Task directions: Make an exact copy of every entry, leaving the pictures out.
[[ The data, beginning ]]
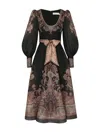 Zimmermann Illustration Belted Printed Linen And Silk-blend Organza Midi Dress In Black Paisley
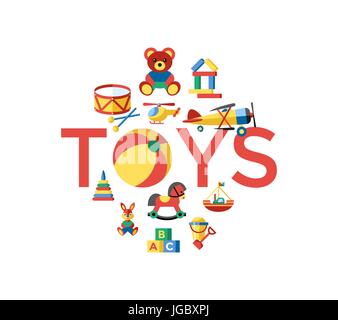 Digital vector blue yellow children toys icons with drawn simple line art info graphic, presentation with bear, plane and bunny elements around promo  Stock Vector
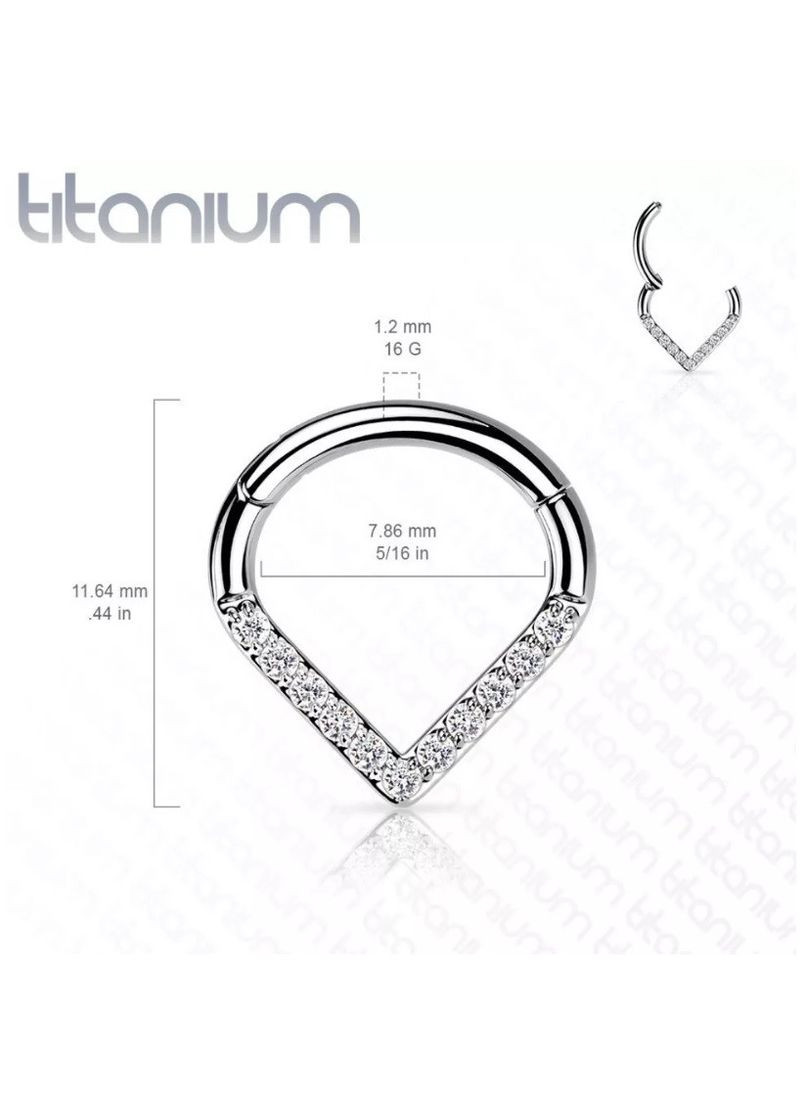 Кільце клікер із титану RHT61-1608-GDC для пірсингу септуму, трагусу, хелікса, брови (1,2мм, 8мм) Spikes (333698426)
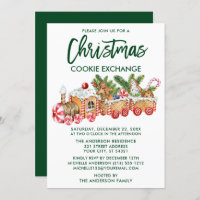 Modern Brush Script Christmas Cookie Exchange Invitation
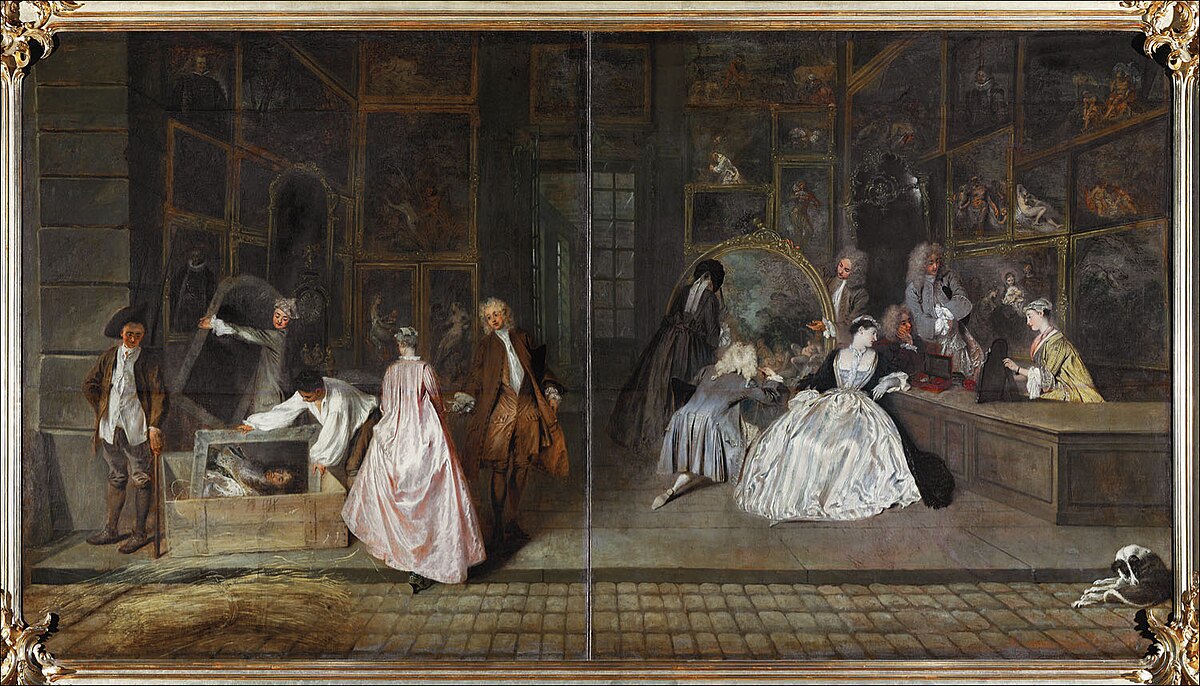 <p><span style="color: rgb(0, 0, 0);"><span>Watteau, The Signboard of Gersaint, 1721</span></span></p>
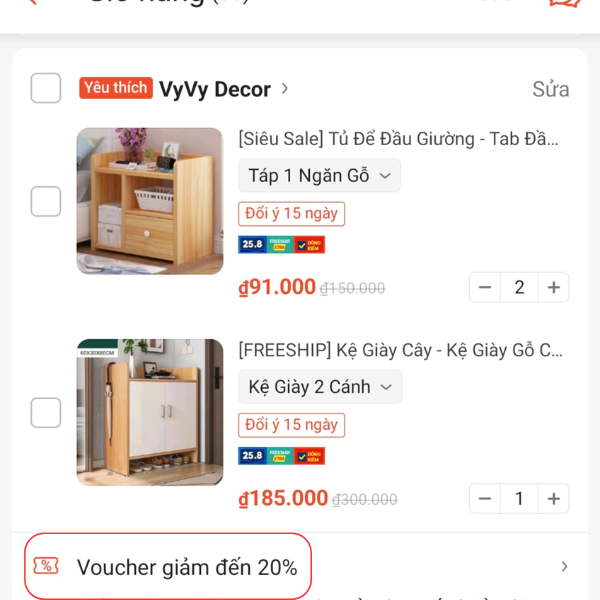 Cách săn voucher shopee từ giỏ hàng
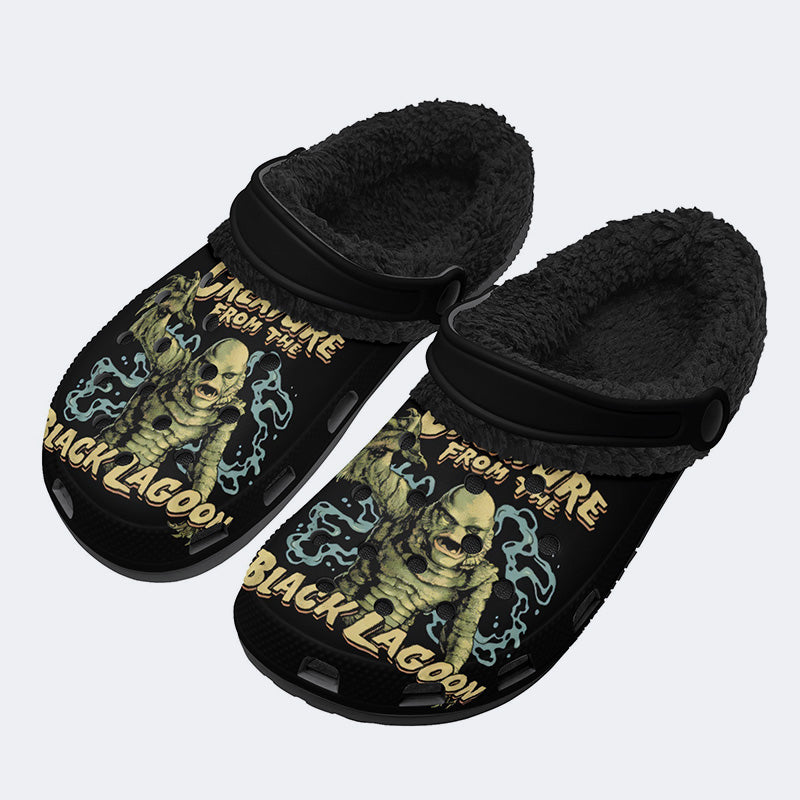 Creature From The Black Lagoon Print - Fur Lined Slippers/Sandals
[[ The data, end ]]
Your response:
 Zimmermann Illustration Belted Printed Linen And Silk-blend Organza Midi Dress In Black Paisley
 Digital vector blue yellow children toys icons with drawn simple line art info graphic, presentation with bear, plane and bunny elements around promo  Stock Vector
 Кільце клікер із титану RHT61-1608-GDC для пірсингу септуму, трагусу, хелікса, брови (1,2мм, 8мм) Spikes (333698426)
 Modern Brush Script Christmas Cookie Exchange Invitation
 <p><span style="color: rgb(0, 0, 0);"><span>Watteau, The Signboard of Gersaint, 1721</span></span></p>
 Cách săn voucher shopee từ giỏ hàng
 Creature From The Black Lagoon Print - Fur Lined Slippers/Sandals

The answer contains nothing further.